- 01 Jul 08
Icelandic eccentrics grasp for greatness
Making their music accessible has not always been a priority for Sigur Rós. For much of the previous 14 years and four albums the Icelandic band have lost themselves in a world of their own making, writing songs in the inscrutable nonsense language Hopelandic and even releasing an album unnamed and without song titles. No matter, their eerily sublime music was as unforgettable as its creators' approach to the industry was unconventional.
However, with Með suð í eyrum við spilum endalaust (which translates as With A Buzz In Our Ears We Play Endlessly) you sense that they are reaching out to a wider audience, with Jónsi Bergisson even singing in English for the first time on final track ‘All Alright’. There is a sense throughout of horizons being widened, prompted perhaps by the band’s decision to record not just in their Álafoss studio, but also in London, New York and Havana.

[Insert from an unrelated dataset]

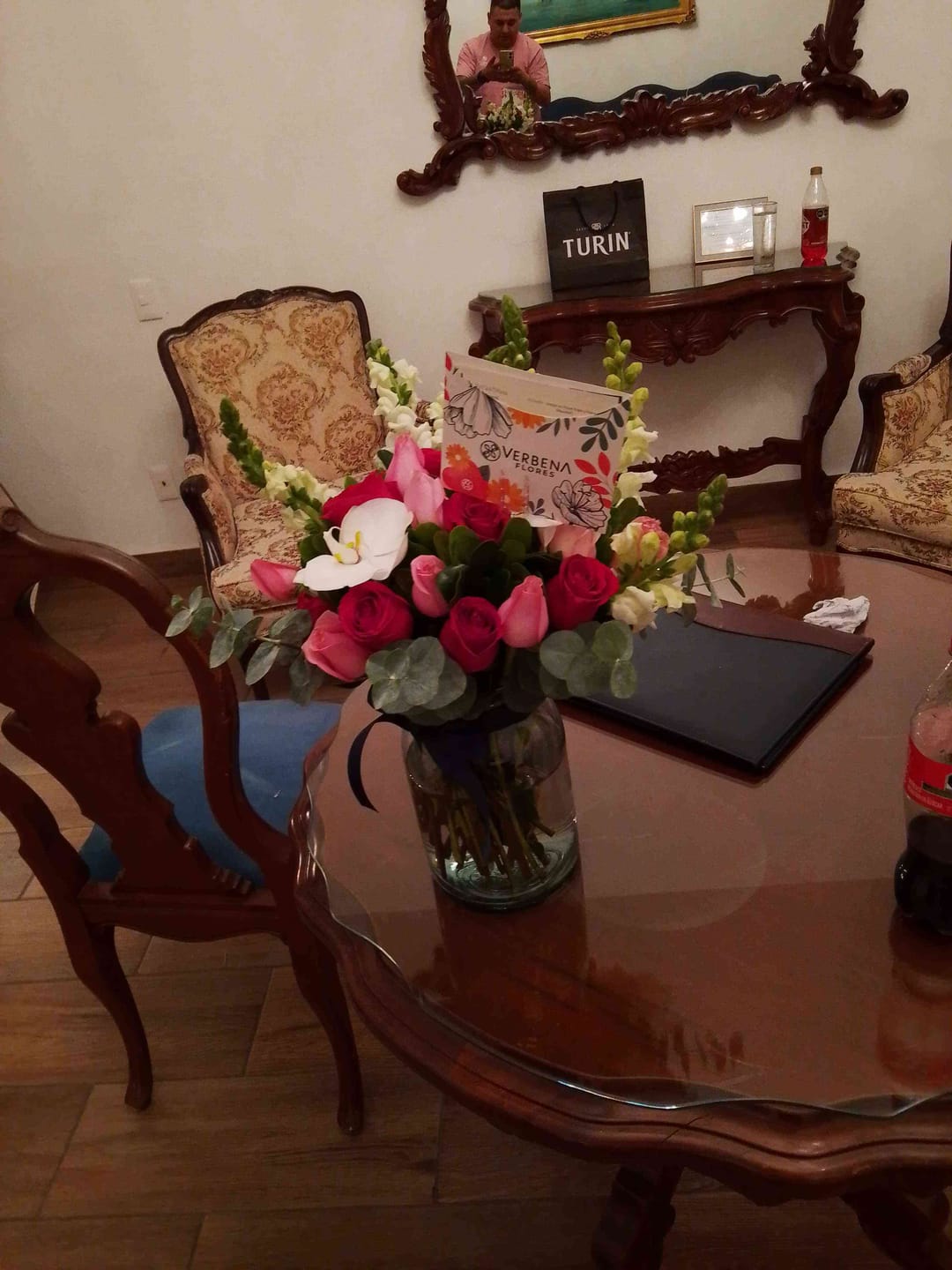 Customer photo review of Latido - Arreglo de Rosas Rojas y Rosas con Orquídea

The resultant Með suð is a consistently engaging album; you can savour individual tracks or gorge yourself on the rich whole. Either way, it works. There is a wonderful sense of immediacy to certain songs, with the vigorous strumming and hand claps galore briskness of ‘Gobbledegook’ being a case in point.
Still nobody does grandiose like Sigur Rós and the central pairing of ‘Festival’ and ‘Ára bátur’ reach convincingly for epic status. Building majestically from lonely piano and voice to all-consuming choir and orchestral crescendo, the latter track is particularly awing. Their most approachable record, Með suð might also be Sigur Rós’s best.